In the case where you want to implement parallelization, you can call the element-level static factory method directly in each process. This way, all parallelization code is maintained within the object itself.

import multiprocessing

@dataclasses.dataclass
class MyCollection:
    objs: typing.List[MyType] = dataclasses.field(default_factory=list)
    ...
    def transform_parallelized(self) -> MyCollectionTwo:
        with multiprocessing.Pool() as p:
            results = p.map(MyTypeTwo.from_mytype, self)
        return MyCollectionTwo(results)

The fact that you are using parallelized code need not even be transparent to the customer.

Extend Functionality Using Composition

Following the recommendation in my previous article discussing patterns for dataclasses, I recommend extending functionality using composition in this range too. This addresses the problem of creating collection objects with a massive number of methods. You simply create a wrapper object that is instantiated from the original collection and operates on the original function. For instance, let us say you need to implement a number of math and statistical methods but don’t want to clog the main object with these methods. First you would create such a wrapper objects - fairly easy with the dataclasses module. Notice that I am breaking the encapsulation of the original collection - it isn’t necessary to do this in my opinion, but it would be a fair choice.

@dataclasses.dataclass
class MyCollectionMath:
    mc: MyCollection

    def total_a(self) -> float:
        return sum([mt.a for mt in self.mc.objs])
    
    def total_b(self) -> float:
        return sum([mt.b for mt in self.mc.objs])

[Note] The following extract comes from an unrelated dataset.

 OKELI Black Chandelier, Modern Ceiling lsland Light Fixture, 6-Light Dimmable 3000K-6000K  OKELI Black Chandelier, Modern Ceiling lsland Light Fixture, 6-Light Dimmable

And add the constructor to a method within the original collection. Python makes a clean interface for this using the property decorator.

@dataclasses.dataclass
class MyCollection:
    objs: typing.List[MyType] = dataclasses.field(default_factory=list)
    ...
    @property
    def math(self):
        return MyCollectionMath(self)

And you can access all the additional methods through temporary instances of the wrapper object.

mytypes.math.total_a()

Plotting Objects

The last pattern I will discuss involves specifically managing interfaces for plotting results, although it could apply to many scenarios where extending your collection types involves some type of transformation. I recommend creating objects specifically for plotting values in your collection types. To do this, you can create a wrapper object similar to my pattern for extending collections, except have it instead wrap a dataframe and create a static factory method to create the dataframe from the original collection. You can then add any plotting functionality to that object - here I chose a function to create a bar graph.

import plotly.express as px
import pandas as pd

@dataclasses.dataclass
class MyCollectionPlotter:
    df: pd.DataFrame
    
    @classmethod
    def from_mycollection(cls, mc: MyCollection):
        df = pd.DataFrame([dataclasses.asdict(mt) for mt in mc])
        return cls(df)
    
    def bar(self):
        return px.bar(self.df, x='a', y='b')

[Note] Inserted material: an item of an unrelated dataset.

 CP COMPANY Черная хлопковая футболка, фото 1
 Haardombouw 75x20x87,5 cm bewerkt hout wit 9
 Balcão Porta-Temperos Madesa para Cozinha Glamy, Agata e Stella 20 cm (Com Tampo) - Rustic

And to make the interface clean you can simply add it to a method of the original collection.

@dataclasses.dataclass
class MyCollection:
    objs: typing.List[MyType] = dataclasses.field(default_factory=list)
    ...
    def plotter(self):
        return MyCollectionPlotter.from_mycollection(self)

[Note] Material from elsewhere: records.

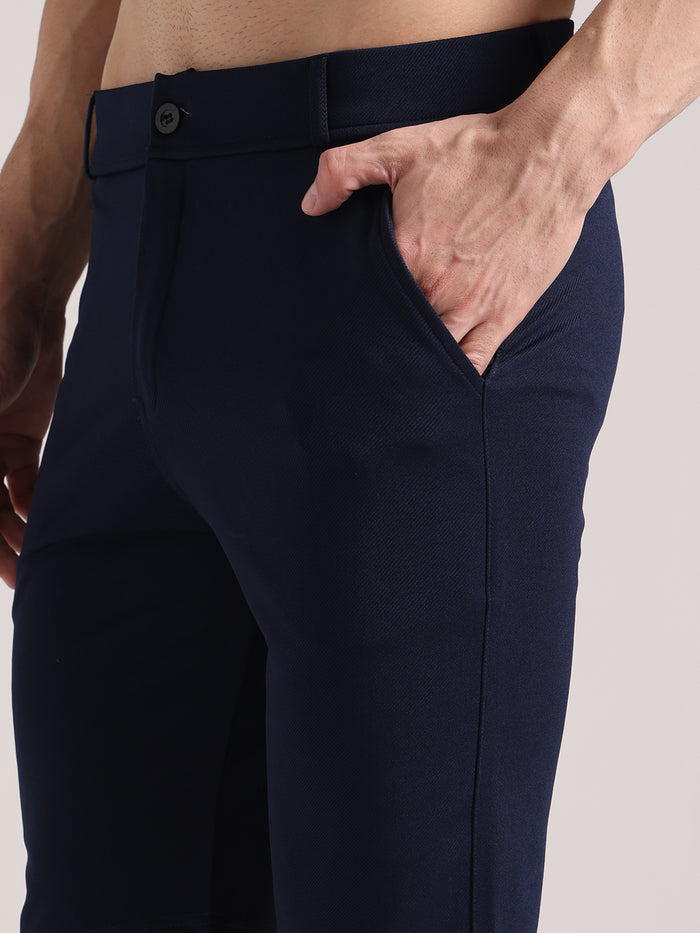 Men's Steel Blue Lycra Chinos Shorts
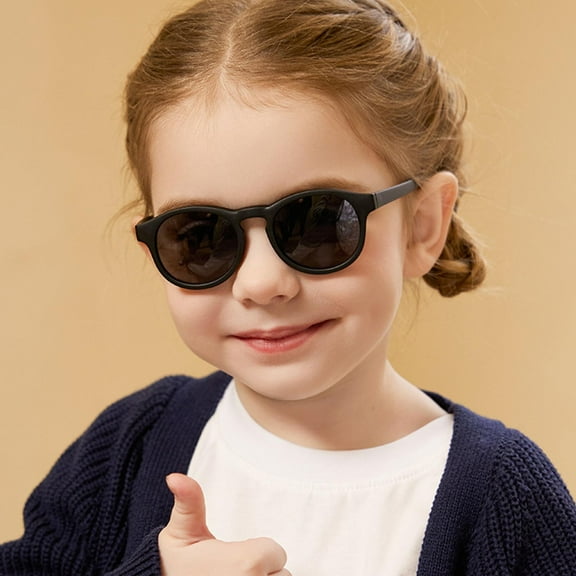 Frwgonr Kids Polarized Sunglasses for Boys Girls Unbreakable Frame Teen Youth Child Sport Baseball Beach Glasses Black, Size 2T-12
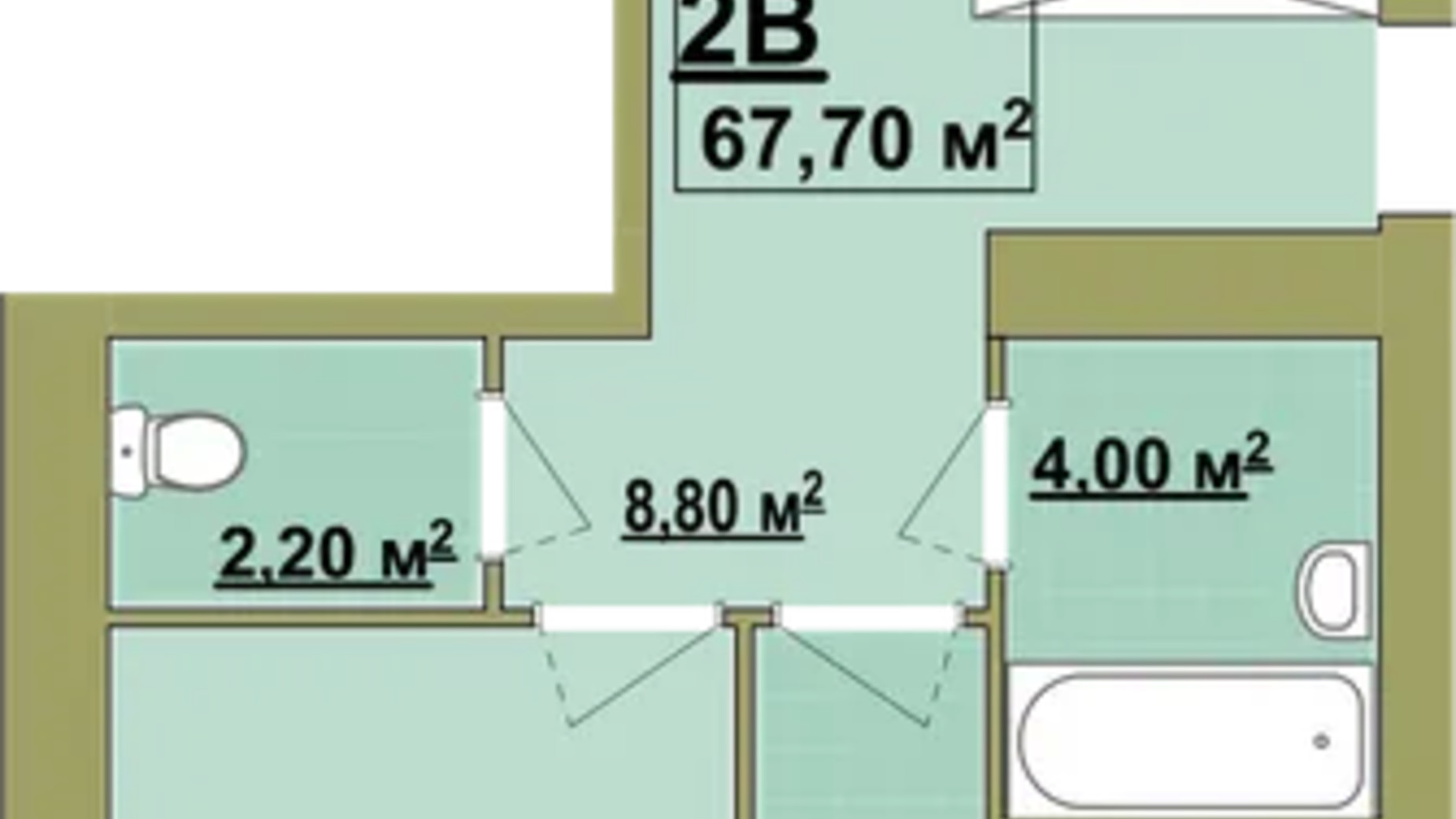 Планування 2-кімнатної квартири в Житловий район Княгинин 67.7 м², фото 706466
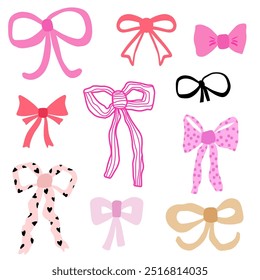 Vector set of creative hand drawn bows. Bows isolated on white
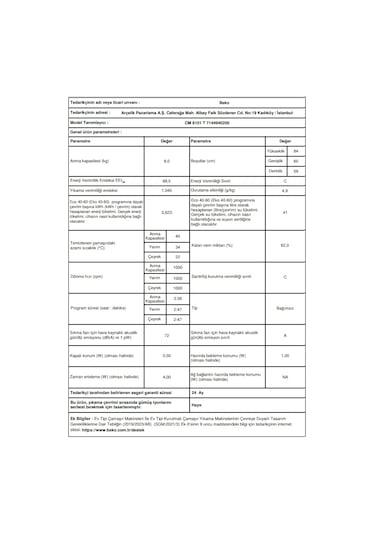 Beko CM 8101 T C 1000 Devir 8 KG Çamaşır Makinesi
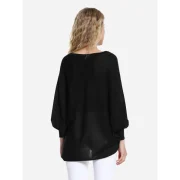 ZAN.STYE ong Sleeve Round Neck Top - Black Fansmadedirect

This is a method for extending the object with plotting functionality even when it requires a transformation to a dataframe prior to plotting. In many cases you would likely want to call multiple plotting functions in the same script/function, and you can do that by interacting with the same plotting object. Plotting is a good use-case because it offers an easy to organize many plotting functions with different aesthetics, but this may be an appropriate pattern for other problem types as well.

Conclusions

Creating custom types for collections makes your code more readable and generally has the same benefits I discussed in my article about the challenges with dataframes. The general idea is that more structure is better - it can make your code more readable, easier to maintain, and less error-prone. While at first glance it may feel like overkill because it requires so much additional code, the payoff surely comes as projects become large or dynamic enough such that you need better ways to organize your code.